Worst-case scenarios for CalSTRS and CalPERS

CalPers know about your benefitsSometimes it’s good to consider worst-case scenarios. Maybe they won’t even happen, but it can help to look at every possibility. Two analysts have done that for California’s two biggest pension systems.

As of the most current figures, the California Public Employees’ Retirement System is 76 percent funded and the California State Teachers’ Retirement System is 67 percent funded. Most bond advisers peg sufficient funding at 80 percent or higher, so both funds are close to that. Both funds project a 7.5 percent annual return on their investments.

As CalPERS explained last May on its website:

“Fact: 

  • “CalPERS investments have earned an average 7.6 percent annual return over the past 20 years and 9.4 percent over the past 30 years.
  • “CalPERS investments earned 13.2 percent in Fiscal Year 2012-13.
  • “CalPERS assumed rate of investment return is a long-term (20 years or more) average. Any given year is likely to be higher or lower than the assumed rate.” 

And last July, CalSTRS stated on its website:

“Continued growth in the equity market, coupled with a bias to U.S. companies, fed a second year of healthy investment returns at the California State Teachers’ Retirement System (CalSTRS), which closed the 2013-14 fiscal year with an 18.66 percent return on its investments. 

“The picture for the fiscal year July 1, 2013 to June 30, 2014 shows investment returns well above the actuarial assumed rate of 7.5 percent. On a long-term, portfolio-wide basis, CalSTRS’ returns reflect the following performance levels: 

“11.2 percent over three years

“13.7 percent over five years

“7.7 percent over 10 years

“8.4 percent over 20 years.”

But when those numbers came out last year, David Crane warned, “A few above-par years will have little impact on pension costs for California’s governments because pension liabilities greatly exceed pension assets and continue growing at a rapid rate.” A Democrat, pension expert Crane advised former Gov. Arnold Schwarzenegger. 

Worst case

So, what is the worst-case scenario? It’s that the pension funds make more modest growth, requiring taxpayers to pick up the tab for the gap between projections and reality.

Money manager John Mauldin looked at CalSTRS. Worst case, to be actually solvent he calculated CalSTRS requires an additional $30 billion per year starting now.

That $30 billion also is six times the $4.5 billion more a year CalSTRS concedes it needs to become solvent.

Ed Ring, Executive Director of the California Policy Center, likewise has estimated how much in annual payments it would cost to close his estimated $71 billion funding gap for CalSTRS. Using a 3.5 percent annual rate of return, Ring estimated the payment to fully fund CalSTRS would be $25.3 billion per year (Note: See Ring’s “Table: Impact of Lower Rates of Return on CalSTRS” in the embedded link).

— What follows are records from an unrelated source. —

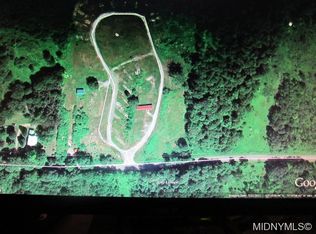 9480 Capron Rd, Lee Center, NY 13363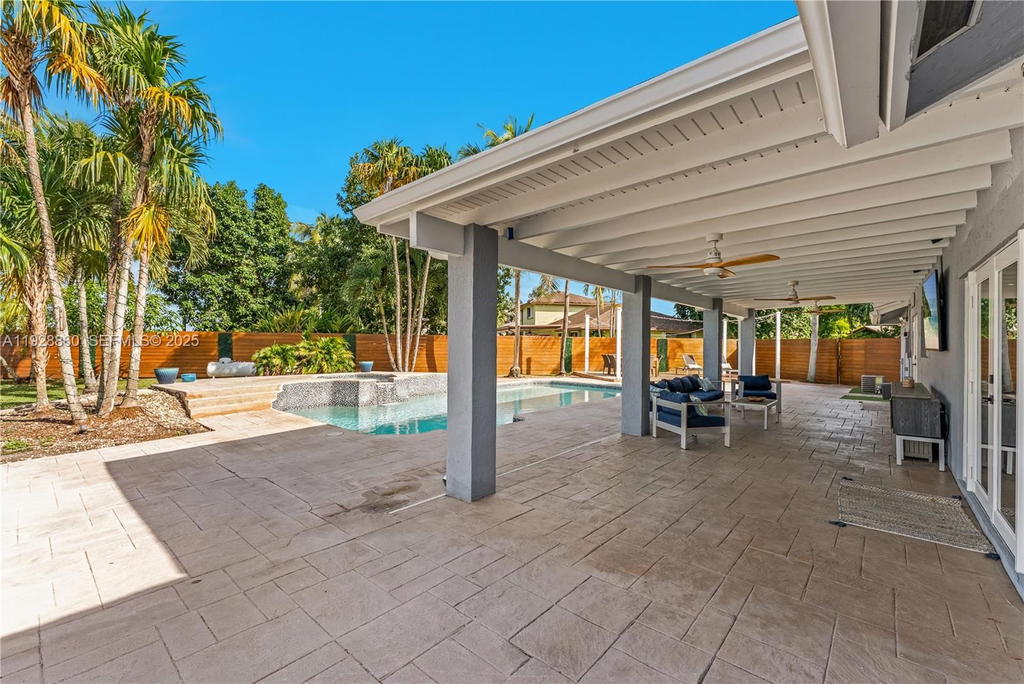 Real estate property located at 15151 164th Ter, Miami-dade, Kings Grove, Miami, FL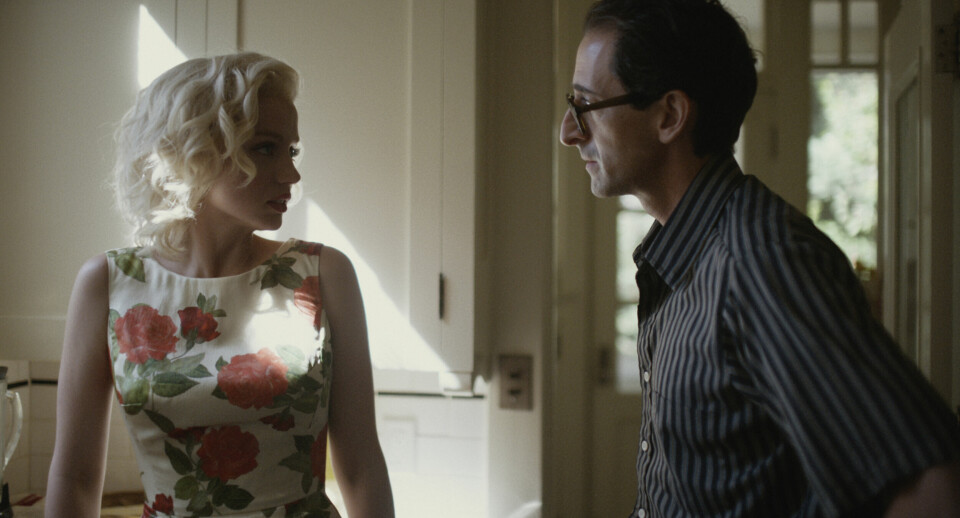 Ana de Armas som Marilyn Monroe og Adrien Brody som Dramatikeren (Arthur Miller) i «Blonde». «Blonde»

Both Mauldin and Ring believe future CalPERS and CalSTRS pension fund rates of return on their investments are overly optimistic by half due to a stock market bubble and a failure to take economic recessions into account.

CalPERS funding

If it would take $30 billion per year more to fully fund CalSTRS, how much more would it take to also fund the even bigger CalPERS?

Ring described the problem of estimating the yearly payment to plug CalPERS’ pension funding gap:

“It’s worth noting that for CalPERS, we can’t even get data on how they break out their normal contributions and their unfunded contributions because doing so would require sifting through the financials of every one of their participating entities. But there is nothing uniquely troubling about CalSTRS. … Imagine what would happen if CalSTRS had to pay $25 billion per year … instead of what they actually paid in 2012, $5.8 billion?”

That is, a true accounting would be 4.3 times the current amount. He added, “Replicate these methods with nearly any pension fund in California, and you will almost always get similar results.” 

Add them up: $25.3 billion for CalSTRS and $25 billion for CalPERS. Total = $50.2 billion.

That $50.2 billion needed to be fully funded would amount to 44 percent of the $113.3 billion for the state general fund Gov. Jerry Brown proposed in January for fiscal year 2015-16, which begins on July 1.

Again, this is a “worst case” scenario. It probably won’t come to pass. The U.S. and California economies may continue to perform as expected, with stock market and real estate investments continuing to lift up the funds’ bottom lines.

But the opposite also is something at least to keep in mind.